08-01-2022, 02:08 AM
(07-01-2022, 07:15 PM)Drew Wrote: Well Didi I think chubby is nice and sort of sexy, me I'm absurdly skinny which isnt pretty at all, sometimes i look at myseft and just want to die, so am a bit jealous because well, I find it hard to keep up. Stay at it Didi I'm a fan even if I dont always respond I am there but don't come to this thread as often as I should because I'm a bit timidly jealous and intimidated. But I do follow and do understand your emotions way, way too much for anybody to comprehend and you are dealing with it far better than I did.
It is... I've always had a liking for accentuated soft curves anyway. And there's also a finger I'm giving to certain part of the online trans scene with it, those who think that the only way to be feminine is the "tall and slim" which many of them go for.... I got for tall and curvy, fuck the fascist beauty standards, watch me make my own.
Hmmh, too skinny isn't even healthy. Please don't be.
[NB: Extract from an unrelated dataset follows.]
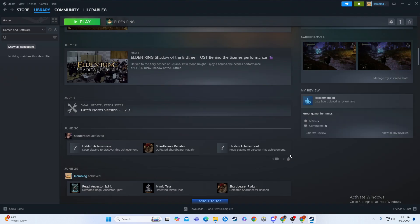And then boom, I now have a review up in the world that says great game, fun times, and other people can see it.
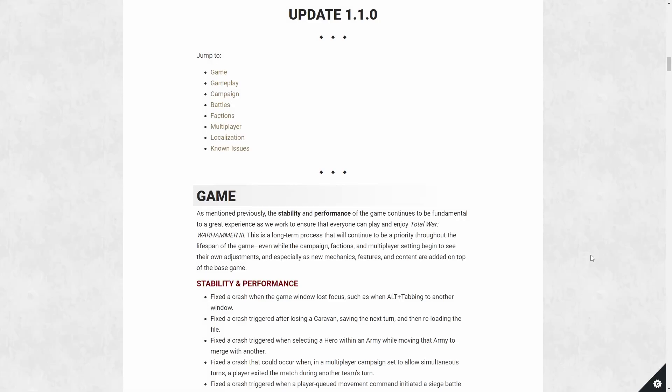Hello everyone, this is Serious Trivia and today is the launch of patch 1.1 for Total War Warhammer 3, and we're going to be doing a quick patch rundown. Now this patch is huge so it will take us a little bit of time, but we'll try to skip all the boring stuff and talk about the important changes here.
I've talked many times here about my life, such details that many others would keep to themselves. My life is not worthy of envy, even though my body may be. I've just been given great advice and some genetic luck. I'm not posting to make anybody jealous of me, but I guess its inevitable. Jealousy, boob and body envy is my weakness too. I'm trying to fight it off by not paying so much attention and reminding myself that what ever others have does not diminish my achievements one bit as I am outshining myself everyday... Its hard not to care, but why should I care when others outshine me? They're not gonna take my boobs away from me, or my body shape or my smile or my eyes.
The best thing to do in life, is to outshine ourselves every day with little something. What others do is their burden to bear.